New Zealand's Sub- Antarctic Islands encompass five island groups that lie between latitudes 47° and 53°south; Snares Islands/Tini Heke, Auckland Islands/Motu Maha, Campbell Island/ Motu Ihupuku, the Antipodes islands and the Bounty Islands.
Prepared to experience the "roaring 40's" and the "furious 50's” notorious in the southern ocean it was a real surprise to have smooth sailing and fine weather for the entire duration of the trip!
Over the 12 days we had the opportunity to explore each island by zodiac or sometimes even foot. (Auckland & Campbell)
The Sub-Antarctic Islands are most definitely a birders paradise. Witnessing the abundance and diversity of pelagic seabirds and penguins that utilize the islands for breeding was truly outstanding in both sight and smell!
126 species of birds have been recorded across the islands including 40 seabirds, eight of which breed nowhere else in the world!
The islands are also home to more than 95% of the world population of the critically endangered New Zealand/ Hookers sea lion as well as the occasional Southern elephant seal.
The flora on the Islands is just as impressive as the fauna and being amongst the mega herbs on both Auckland and Campbell Island, became an unexpected highlight of the trip!
Thanks partly to their isolation the Snares Islands and two islands in the Auckland group (Adams and Disappointment) are among the last substantial areas in the world harbouring vegetation essentially unmodified by humans or alien species.
Despite residing or breeding in a world heritage site there is still concerns regarding severe drops in population of several marine based species including albatross, penguins and the sea lions. The most likely explanation for this being climate change and impact from the fishing industry, highlighting the importance of education.
Upon returning from the expedition a personal goal of mine was to create a collection of fine art prints to exhibit.
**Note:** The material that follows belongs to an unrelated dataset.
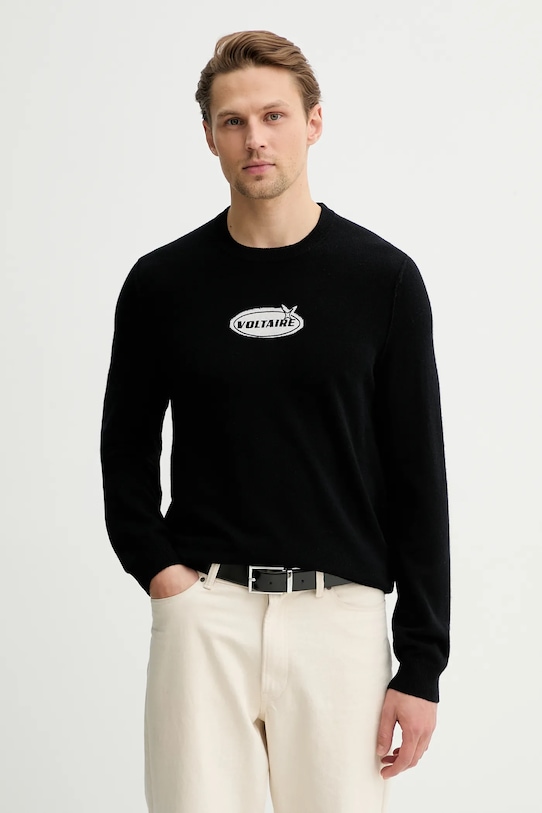 ZADIG&VOLTAIRE sweter wełniany okrągły czarny KMSW01814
Photographs stop time, giving the viewer a moment to think, to react, to feel. My hope is that my images will have the power to create interest and help foster an appreciation for the southern ocean. This after all is the most fundamental building block of conservation and protection and as the world's last great unspoiled wilderness it is critical that New Zealander’s understand the need to protect these precious islands and the waters around them!